Corporate backing changes the disclosure calculus more than a published SECURITY.md does. LazyLLM has no SECURITY.md and no PVR enabled; the strict-norm heuristic (presence of SECURITY.md) would have routed today’s curation toward a single public courtesy issue. The dispositive signal turned out to be the top-committer email (@sensetime.com) — a clear corporate disclosure target — together with the severity of two specific findings. The methodology lesson worth adding: severity overrides the heuristic when no formal channel exists. Two findings warranted private disclosure regardless of whether the repo had advertised a channel; the existence of a corporate address made it concretely possible.

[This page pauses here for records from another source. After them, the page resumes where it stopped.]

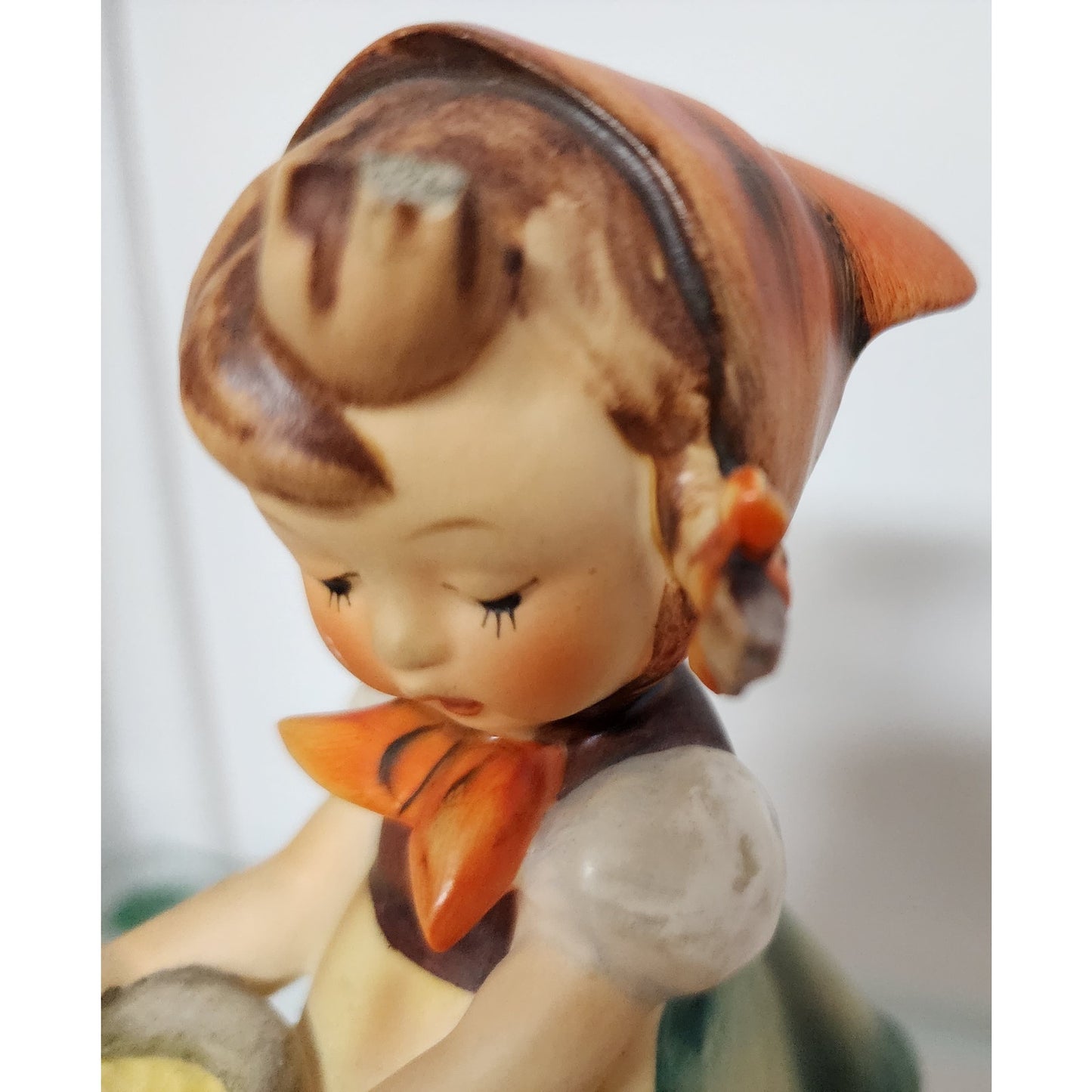Hummel Goebel Figurine “Be Patient” TMK-2 Full Bee Girl with Ducks 1950s 6.5"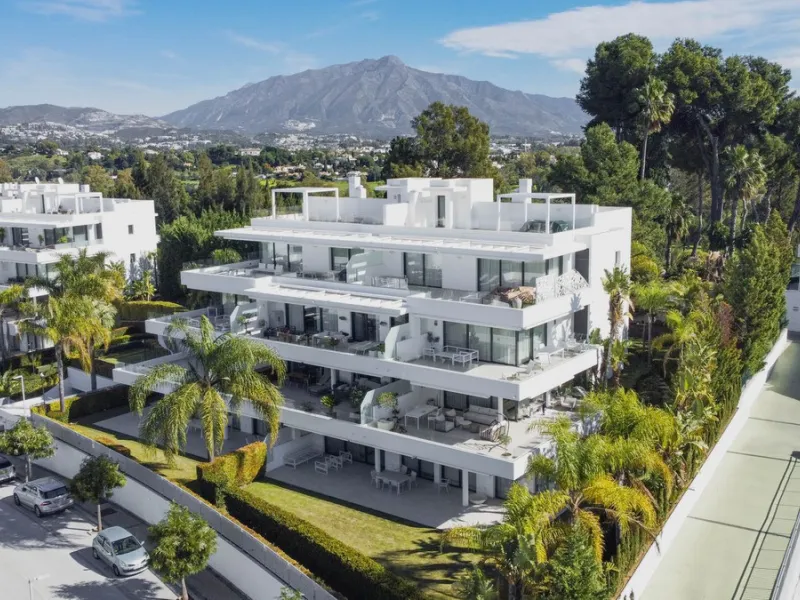 Luxury contemporary middle floor apartment in the stylish Cataleya complex on the New Golden Mile, East-Estepona
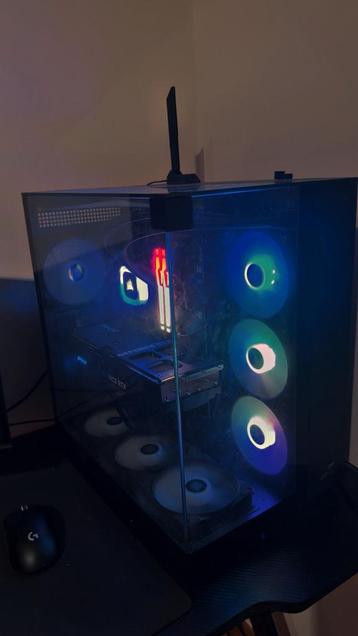 Hoogwaardige gaming-pc — RTX 4070 Ti Super — i7-14700KF beschikbaar voor biedingen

The “calculator tool that evals” finding is a teaching moment. Among the LLM-agent-security articles that get cited most often, the example pattern is exactly def forward(exp): return eval(exp). That pattern shipping in a 3.8k-star framework as a registered agent tool is what people mean when they say “the well-known classes show up in real codebases continuously.” Filed in the public post because the pattern is widely-documented; the actionable shape (simpleeval / ast.literal_eval) is one line of code per call site.
Notes on the tool
- The
--ignore-samplesdefault kept the FP pile at the 17 gitleaks test-fixture hits and the standardpython36/37-compatibility-*lint. None of the new defaults shipped 2026-05-28 would have suppressed the test-fixture gitleaks bunch; an additional default-ignore fortests/**/test_*api_key*.pyshape paths would (it’s the explicit-fixture-name pattern that the curator notices instantly). - This is the fourth scan where the cross-scan link discipline (
see [other-scan]) carries the curation story. The series-narrative density is now load-bearing for the posts; future tool-side work to auto-link recurring classes against prior reports would compress curation time materially.
Disclosure timeline
- 2026-06-06 — Scan run at commit
b11fa4c12b1b; findings curated. - 2026-06-06 — Two highest-severity items disclosed privately by email to
wangzhihong@sensetime.com(top-committer corporate address — noSECURITY.mdor PVR is published, so the corporate-address path is the appropriate channel). No public courtesy issue filed; the items that can be discussed publicly without enabling exploitation are covered in this write-up.
Reproduce
git clone https://github.com/elfrost/ai-patchlab
cd ai-patchlab
pip install -e ".[dev]"
python scanner/run_scan.py \
--from-git-url "https://github.com/LazyAGI/LazyLLM" \
--reports-dir reports/lazyagi-lazyllm \
--min-severity medium \
--ignore-samples
External tools (Semgrep, Gitleaks, Trivy, pip-audit) need to be installed separately — see the project README.